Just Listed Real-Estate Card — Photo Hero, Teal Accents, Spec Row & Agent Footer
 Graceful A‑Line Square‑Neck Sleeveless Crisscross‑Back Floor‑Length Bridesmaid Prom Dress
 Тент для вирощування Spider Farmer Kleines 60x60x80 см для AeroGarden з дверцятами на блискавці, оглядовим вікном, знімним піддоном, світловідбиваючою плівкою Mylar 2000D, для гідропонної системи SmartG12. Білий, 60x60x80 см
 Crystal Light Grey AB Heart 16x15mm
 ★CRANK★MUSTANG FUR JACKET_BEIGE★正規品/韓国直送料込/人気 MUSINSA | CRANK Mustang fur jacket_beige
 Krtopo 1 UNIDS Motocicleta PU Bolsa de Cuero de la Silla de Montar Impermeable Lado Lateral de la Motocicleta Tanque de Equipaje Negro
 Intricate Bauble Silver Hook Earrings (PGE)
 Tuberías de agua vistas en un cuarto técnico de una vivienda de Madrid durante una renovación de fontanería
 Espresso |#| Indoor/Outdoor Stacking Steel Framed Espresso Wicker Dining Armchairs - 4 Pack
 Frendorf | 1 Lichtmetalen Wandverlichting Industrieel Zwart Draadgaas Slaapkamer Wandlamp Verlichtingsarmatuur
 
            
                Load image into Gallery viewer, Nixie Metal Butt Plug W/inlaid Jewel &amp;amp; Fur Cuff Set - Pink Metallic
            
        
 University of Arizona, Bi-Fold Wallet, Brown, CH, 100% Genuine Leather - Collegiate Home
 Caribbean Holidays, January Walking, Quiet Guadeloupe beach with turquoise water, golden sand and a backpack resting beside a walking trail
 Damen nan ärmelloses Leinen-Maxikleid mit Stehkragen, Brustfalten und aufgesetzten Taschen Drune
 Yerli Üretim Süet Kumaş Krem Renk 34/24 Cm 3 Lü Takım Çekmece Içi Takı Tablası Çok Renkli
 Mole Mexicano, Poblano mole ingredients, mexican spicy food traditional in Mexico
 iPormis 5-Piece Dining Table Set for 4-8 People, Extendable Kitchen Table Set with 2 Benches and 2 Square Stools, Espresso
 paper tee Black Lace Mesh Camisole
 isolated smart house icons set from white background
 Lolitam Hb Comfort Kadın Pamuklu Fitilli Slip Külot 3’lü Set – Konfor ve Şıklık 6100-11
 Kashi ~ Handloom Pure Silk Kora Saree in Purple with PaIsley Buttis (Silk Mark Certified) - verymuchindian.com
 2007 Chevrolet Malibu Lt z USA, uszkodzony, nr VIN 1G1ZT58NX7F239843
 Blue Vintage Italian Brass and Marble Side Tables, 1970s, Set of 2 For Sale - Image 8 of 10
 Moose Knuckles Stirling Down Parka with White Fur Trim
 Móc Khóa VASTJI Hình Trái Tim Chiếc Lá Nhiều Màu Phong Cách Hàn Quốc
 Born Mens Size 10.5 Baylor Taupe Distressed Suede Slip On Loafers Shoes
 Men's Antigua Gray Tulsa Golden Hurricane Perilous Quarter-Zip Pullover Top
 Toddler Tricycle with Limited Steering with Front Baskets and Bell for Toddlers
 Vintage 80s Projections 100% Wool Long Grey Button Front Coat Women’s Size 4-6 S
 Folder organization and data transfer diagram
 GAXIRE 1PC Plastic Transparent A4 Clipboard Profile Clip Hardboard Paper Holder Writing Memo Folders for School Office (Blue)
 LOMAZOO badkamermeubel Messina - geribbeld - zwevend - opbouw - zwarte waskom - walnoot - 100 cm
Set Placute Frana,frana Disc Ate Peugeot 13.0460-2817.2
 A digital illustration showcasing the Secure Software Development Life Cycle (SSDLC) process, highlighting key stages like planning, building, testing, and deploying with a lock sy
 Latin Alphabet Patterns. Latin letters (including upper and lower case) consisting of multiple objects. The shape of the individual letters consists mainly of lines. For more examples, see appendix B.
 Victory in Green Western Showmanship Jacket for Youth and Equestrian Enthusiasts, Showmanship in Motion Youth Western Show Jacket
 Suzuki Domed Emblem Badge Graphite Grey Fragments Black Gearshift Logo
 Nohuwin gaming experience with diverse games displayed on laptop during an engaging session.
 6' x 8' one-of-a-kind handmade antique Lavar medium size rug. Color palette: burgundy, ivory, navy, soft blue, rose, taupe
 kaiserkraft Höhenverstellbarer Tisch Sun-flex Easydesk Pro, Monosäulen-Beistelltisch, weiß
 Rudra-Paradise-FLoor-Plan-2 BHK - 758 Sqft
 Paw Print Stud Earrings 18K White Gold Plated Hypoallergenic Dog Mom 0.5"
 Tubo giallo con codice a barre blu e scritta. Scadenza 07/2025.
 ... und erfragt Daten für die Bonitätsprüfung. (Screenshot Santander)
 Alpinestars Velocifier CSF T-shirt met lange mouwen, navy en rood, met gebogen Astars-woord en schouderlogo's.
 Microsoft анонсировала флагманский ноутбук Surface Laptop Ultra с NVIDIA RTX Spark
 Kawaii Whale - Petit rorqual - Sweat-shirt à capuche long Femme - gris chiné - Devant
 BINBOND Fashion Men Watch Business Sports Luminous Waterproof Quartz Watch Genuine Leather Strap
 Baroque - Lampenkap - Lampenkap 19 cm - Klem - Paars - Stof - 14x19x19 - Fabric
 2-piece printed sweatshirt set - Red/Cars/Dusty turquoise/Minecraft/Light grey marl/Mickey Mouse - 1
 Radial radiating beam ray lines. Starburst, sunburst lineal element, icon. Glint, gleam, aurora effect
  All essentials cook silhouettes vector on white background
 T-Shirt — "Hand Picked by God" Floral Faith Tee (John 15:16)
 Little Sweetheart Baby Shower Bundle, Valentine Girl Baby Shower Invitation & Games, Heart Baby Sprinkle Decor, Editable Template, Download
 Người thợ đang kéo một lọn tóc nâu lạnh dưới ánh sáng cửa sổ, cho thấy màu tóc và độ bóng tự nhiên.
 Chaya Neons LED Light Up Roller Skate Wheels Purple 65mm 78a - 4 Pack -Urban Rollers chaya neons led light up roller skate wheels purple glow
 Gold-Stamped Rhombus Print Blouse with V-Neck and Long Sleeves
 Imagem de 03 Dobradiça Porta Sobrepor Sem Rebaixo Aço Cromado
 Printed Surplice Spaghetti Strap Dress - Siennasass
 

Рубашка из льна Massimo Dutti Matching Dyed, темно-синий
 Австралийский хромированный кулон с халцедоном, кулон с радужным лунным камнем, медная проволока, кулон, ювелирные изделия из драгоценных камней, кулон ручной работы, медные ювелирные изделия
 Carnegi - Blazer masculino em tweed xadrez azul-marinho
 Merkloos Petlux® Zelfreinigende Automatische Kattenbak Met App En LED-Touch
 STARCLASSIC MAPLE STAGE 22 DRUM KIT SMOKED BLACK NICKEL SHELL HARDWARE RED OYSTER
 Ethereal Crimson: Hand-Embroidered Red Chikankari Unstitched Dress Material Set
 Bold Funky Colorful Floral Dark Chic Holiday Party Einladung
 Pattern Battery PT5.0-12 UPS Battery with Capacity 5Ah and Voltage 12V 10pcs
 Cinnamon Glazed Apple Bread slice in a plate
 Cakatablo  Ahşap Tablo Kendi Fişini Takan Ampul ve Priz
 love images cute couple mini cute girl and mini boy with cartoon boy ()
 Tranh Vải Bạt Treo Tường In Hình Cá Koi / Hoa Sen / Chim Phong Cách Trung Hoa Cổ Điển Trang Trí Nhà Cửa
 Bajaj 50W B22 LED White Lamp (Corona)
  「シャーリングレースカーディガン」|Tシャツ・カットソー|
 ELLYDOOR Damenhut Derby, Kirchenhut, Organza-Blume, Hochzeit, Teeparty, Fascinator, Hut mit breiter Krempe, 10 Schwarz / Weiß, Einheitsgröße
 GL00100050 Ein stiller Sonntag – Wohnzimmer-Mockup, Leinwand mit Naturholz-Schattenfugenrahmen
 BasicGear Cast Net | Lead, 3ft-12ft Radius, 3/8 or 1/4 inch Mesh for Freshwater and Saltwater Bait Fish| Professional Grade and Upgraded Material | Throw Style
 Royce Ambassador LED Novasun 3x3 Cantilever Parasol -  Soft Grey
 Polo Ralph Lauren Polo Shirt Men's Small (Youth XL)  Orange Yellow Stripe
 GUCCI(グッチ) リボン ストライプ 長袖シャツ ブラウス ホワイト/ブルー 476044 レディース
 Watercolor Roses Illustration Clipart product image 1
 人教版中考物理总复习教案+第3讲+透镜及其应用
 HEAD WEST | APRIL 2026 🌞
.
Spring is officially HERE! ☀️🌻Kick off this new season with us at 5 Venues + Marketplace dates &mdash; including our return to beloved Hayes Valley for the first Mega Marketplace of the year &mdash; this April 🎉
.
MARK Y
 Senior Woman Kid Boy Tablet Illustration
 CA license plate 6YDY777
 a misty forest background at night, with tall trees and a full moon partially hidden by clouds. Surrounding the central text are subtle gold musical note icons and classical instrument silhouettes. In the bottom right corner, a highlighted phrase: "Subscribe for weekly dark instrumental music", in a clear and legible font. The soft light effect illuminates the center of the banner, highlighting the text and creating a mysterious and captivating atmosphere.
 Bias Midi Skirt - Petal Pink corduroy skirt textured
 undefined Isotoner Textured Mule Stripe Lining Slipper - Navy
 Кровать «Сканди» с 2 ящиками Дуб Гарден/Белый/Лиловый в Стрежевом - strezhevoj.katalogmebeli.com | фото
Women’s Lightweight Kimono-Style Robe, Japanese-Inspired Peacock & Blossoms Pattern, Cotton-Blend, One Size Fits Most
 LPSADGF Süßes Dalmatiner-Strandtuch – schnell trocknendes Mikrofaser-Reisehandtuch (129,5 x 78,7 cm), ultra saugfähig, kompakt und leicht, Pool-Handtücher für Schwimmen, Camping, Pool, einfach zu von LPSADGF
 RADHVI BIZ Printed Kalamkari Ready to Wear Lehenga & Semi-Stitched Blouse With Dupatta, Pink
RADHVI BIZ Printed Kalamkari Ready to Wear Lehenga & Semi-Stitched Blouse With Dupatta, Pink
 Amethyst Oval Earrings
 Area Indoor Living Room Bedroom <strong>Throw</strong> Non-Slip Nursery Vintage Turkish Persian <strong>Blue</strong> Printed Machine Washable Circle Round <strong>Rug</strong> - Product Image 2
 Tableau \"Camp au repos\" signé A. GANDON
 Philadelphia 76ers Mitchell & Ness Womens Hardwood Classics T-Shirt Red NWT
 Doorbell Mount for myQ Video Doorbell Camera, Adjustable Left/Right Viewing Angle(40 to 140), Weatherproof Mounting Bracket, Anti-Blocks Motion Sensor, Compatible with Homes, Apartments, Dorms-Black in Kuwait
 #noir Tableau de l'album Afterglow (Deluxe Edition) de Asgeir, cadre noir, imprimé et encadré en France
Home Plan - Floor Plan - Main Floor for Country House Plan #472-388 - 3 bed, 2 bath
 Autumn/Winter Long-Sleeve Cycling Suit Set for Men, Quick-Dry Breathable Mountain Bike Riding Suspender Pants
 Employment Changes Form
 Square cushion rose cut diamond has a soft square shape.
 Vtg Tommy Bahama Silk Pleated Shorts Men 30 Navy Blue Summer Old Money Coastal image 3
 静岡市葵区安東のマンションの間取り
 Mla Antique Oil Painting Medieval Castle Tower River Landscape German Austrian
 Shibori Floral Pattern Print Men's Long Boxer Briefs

+---+

WORK TO COMPLETE —
From the listing above, output exactly the run of lines that starts with the line containing "LOMAZOO badkamermeubel Messina" and ends with the line containing "A digital illustration".

RESPONSE BOX —
 LOMAZOO badkamermeubel Messina - geribbeld - zwevend - opbouw - zwarte waskom - walnoot - 100 cm
Set Placute Frana,frana Disc Ate Peugeot 13.0460-2817.2
 A digital illustration showcasing the Secure Software Development Life Cycle (SSDLC) process, highlighting key stages like planning, building, testing, and deploying with a lock sy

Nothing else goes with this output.